Lesser-seen OW-approved titles

 

It Came From Kuchar

The Devil’s Cleavage, Hold Me While I’m Naked and I Was a Teenage Rumpot hardly sound like classic films, but in the world of underground cinema these are as well-known as Casablanca. They’re the works of the Kuchar brothers – two of the biggest names in the B-movie world – and, understandably, a documentary about their lives and work might not be that appealing if the viewer has no concept of that genre. But Kuchar, writer-director Jennifer M. Kroot’s homage to the twins, does a good job selling their style and wit against the backdrop of the 1960s and ’70s, splicing clips of their zany films with interviews with filmmakers like John Waters, who cites George and Mike as one of his biggest influences. (available now)

Special Features: Commentary with the Kuchar brothers and director, deleted scenes.

Pretty Bird

Is Billy Crudup the new Paul Rudd – a once-bland screen presence who discovers, late-career, a heretofore-unseen hilarious side?
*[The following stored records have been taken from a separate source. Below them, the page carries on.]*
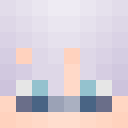 Skin head 0f6098412effa66ecc21c9939aa1cfe0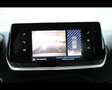 Peugeot 2008 II 2020 1.2 puretech Allure s&s 130cv eat8 Grau - thumbnail 14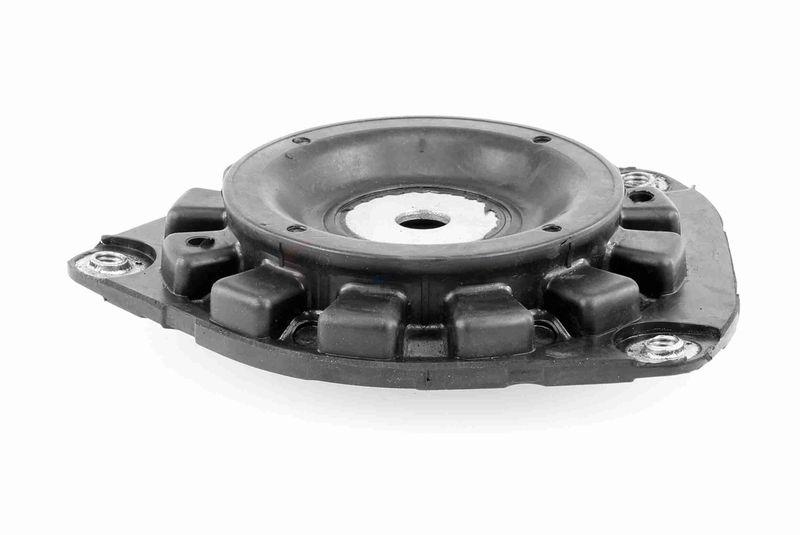 VAICO V46-0697 Federbeinst&uuml;tzlager Vorderachse ohne Kugellager f&uuml;r RENAULT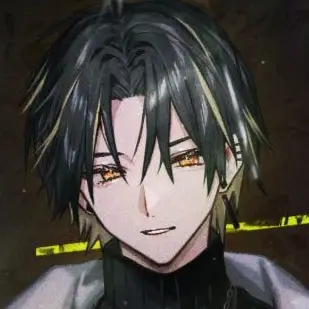 Profile image of らいと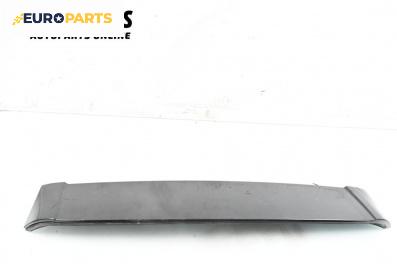 Спойлер за BMW X5 Series E53 (05.2000 - 12.2006), джип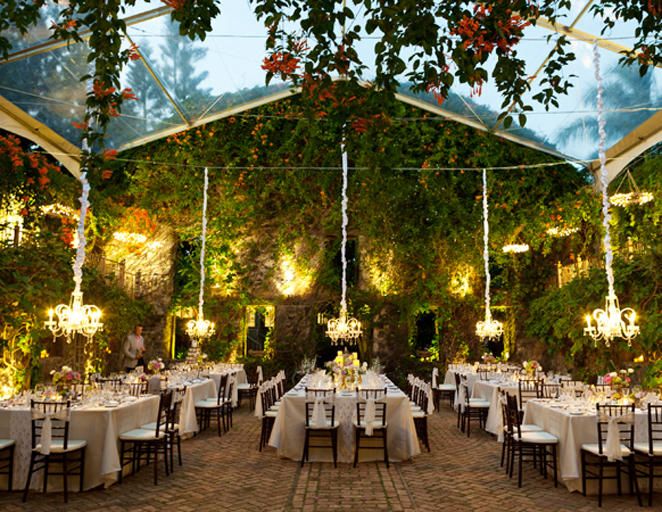 505 Best I Weddings Images On Pinterest Blossoms Receptions 9 Wedding Reception Upgrades Worth Your Budget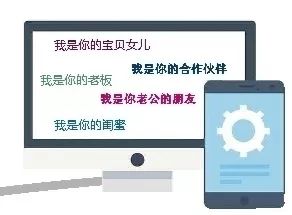 最近还有网络诈骗吗,最近有没有发生电信诈骗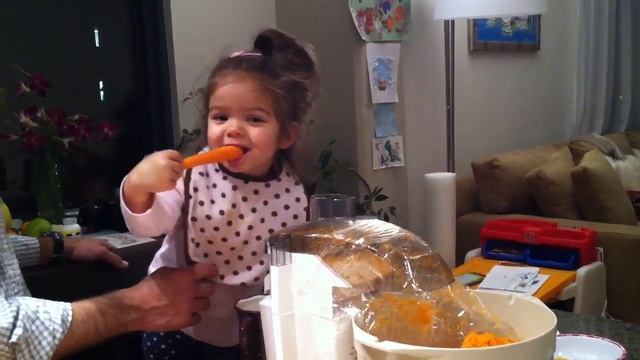 Juice Maker смотреть онлайн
Pretty Bird, a quirky start-up comedy starring Crudup as a platitudinous entrepreneur who dreams of a business that sells jetpacks, suggests so with his cheeky, naturally endearing performance. Written and directed by Parks and Recreation star Paul Schneider, the easygoing film also stars Paul Giamatti as a disturbed rocket scientist and Kristen Wiig, playing it down just a tad, as a potential love interest for Crudup. It’s tonally messy – the movie can’t decide what it wants to be and finally settles on a wisp of a narrative – but engagingly so. By the time the rocket takes flight, Schneider has satisfied our expectations enough to diverge into a darker rant. (available now)

Special Features: None.

When You’re Strange

A Film About the Doors: Brash, arrogant, pseudo-poetic and occasionally brilliant … and Jim Morrison is in it, too! This worshipful collection of previously unseen Doors footage (which is often a marvel to witness) suffers from awe-inspired narration from Johnny Depp and an overall sense that director Tom DiCillo, who made one of the best movies about movies ever with 1995’s Living in Oblivion, has spent too much time admiring the 1960s acid-rock band and too little dissecting their briefly all-encompassing stature as rock gods. Why did Morrison, preening and posing in nearly every piece of footage, hold any sway over the rock world post-LSD? Although distant and incurious, this film works on the merits of its footage alone, including an interesting short film starring Morrison alone as a road-tripping hippie. (available now)

Special Features: Exclusive interview with Jim Morrison’s father.